If we apply this relationship to our situation, we see that the fundamental frequency of the string is equal to one over two times its length multiplied by the square root of the string tension divided by its mass per unit length. Since 𝐿 sub 𝑠, 𝑇, and 𝜇 are all given as part of the problem statement, we can insert those into this equation now. Before we enter these numbers into our calculator, let’s convert 𝜇 into units of kilograms per meter, from its original given units of grams per meter. Since 1000 grams is equal to one kilogram, in units of kilograms per meter, 𝜇 is 7.20 times 10 to the negative third kilograms per meter.

When we calculate out 𝑓 sub one 𝑠, we find a value of 37.27 hertz. We can then use this value for 𝑓 sub one 𝑠 in our equation above to solve for the third mode of vibration in the string. Three times 37.27 hertz is equal to 111.80 hertz. That’s the frequency of the third mode of the string which we’re also told is equal to the fundamental frequency of the tube. So we can write 𝑓 sub one 𝑡 is equal to 111.80 hertz.

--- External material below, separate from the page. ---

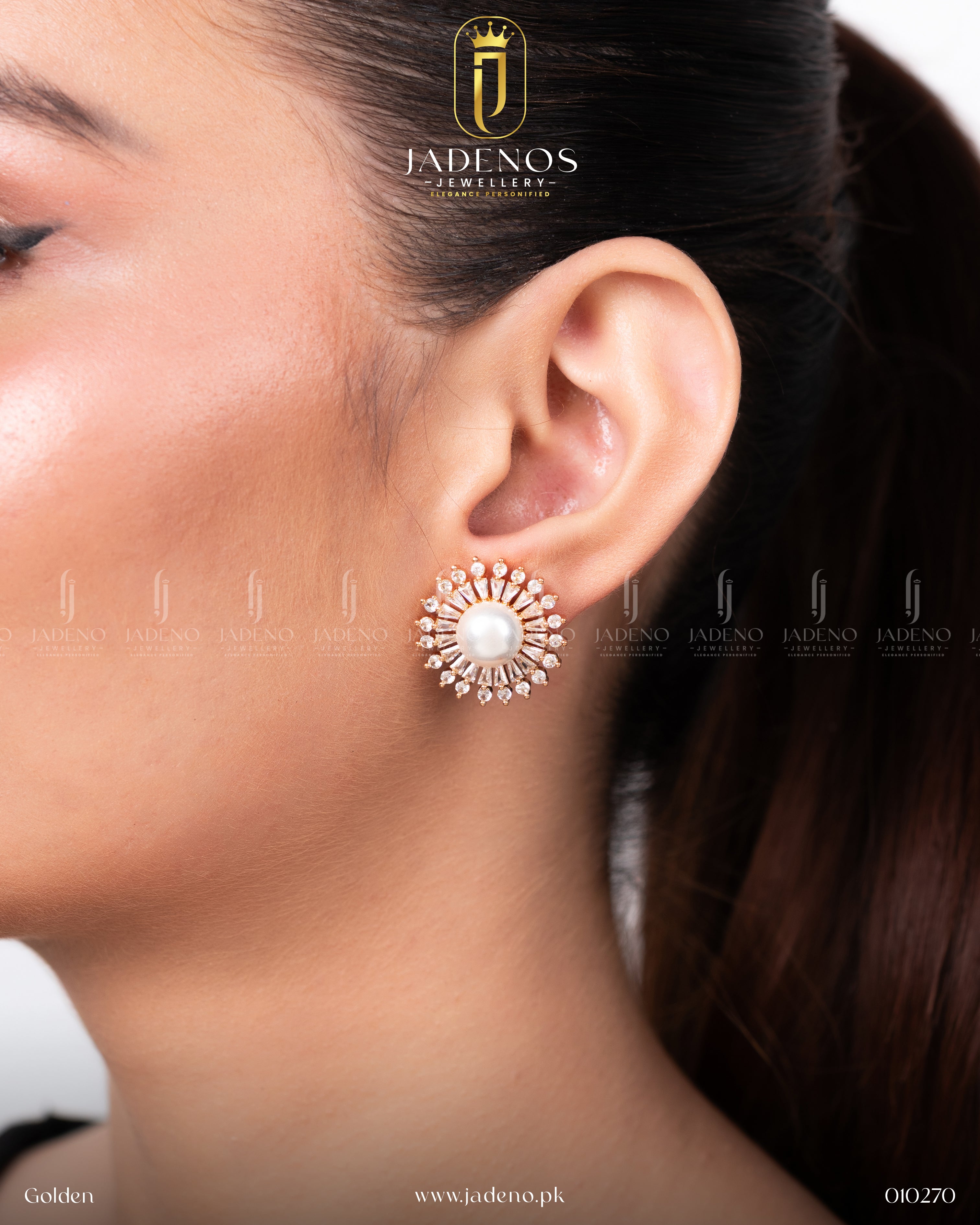 A close-up of The Bloomy Studs in golden, featuring a central pearl encircled by clear crystal stones in a sunburst pattern, worn on a model's ear.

At this point, let’s recall the relationship for the speed of a wave 𝑣. Wave speed is equal to the frequency of the wave times its wavelength. Applying this relationship to the open tube, we see that 𝑣 sub 𝑠, the speed of sound which is the speed of waves in the open tube, is equal to 𝑓 sub one 𝑡 times the wavelength of the waves in the tube. If we divide both sides by 𝑓 sub one 𝑡, that term cancels out at the right-hand side, and we’re left with an expression for the wavelength, 𝜆. We’ve solved for 𝑓 sub one 𝑡 and we’re given 𝑣 sub 𝑠, the speed of sound. So we can insert the values for those variables now.

When we calculate this value for wavelength, we find 3.07 meters is the wavelength of the wave in the tube. As we look at our diagram of the wave and the tube, if we continue drawing the wave past the open end of the tube on the right, then if we drew another half wavelength, altogether, that would give us one wavelength of the fundamental mode. We can tell by the shape of the wave in the tube that the tube is able to contain one-half 𝜆 or half a wavelength. That means that 𝐿, the tube length, is equal to 𝜆 divided by two, or 𝐿 equals 3.07 meters divided by two.

That value, to three significant figures, is equal to 1.53 meters. That’s how long the open tube is.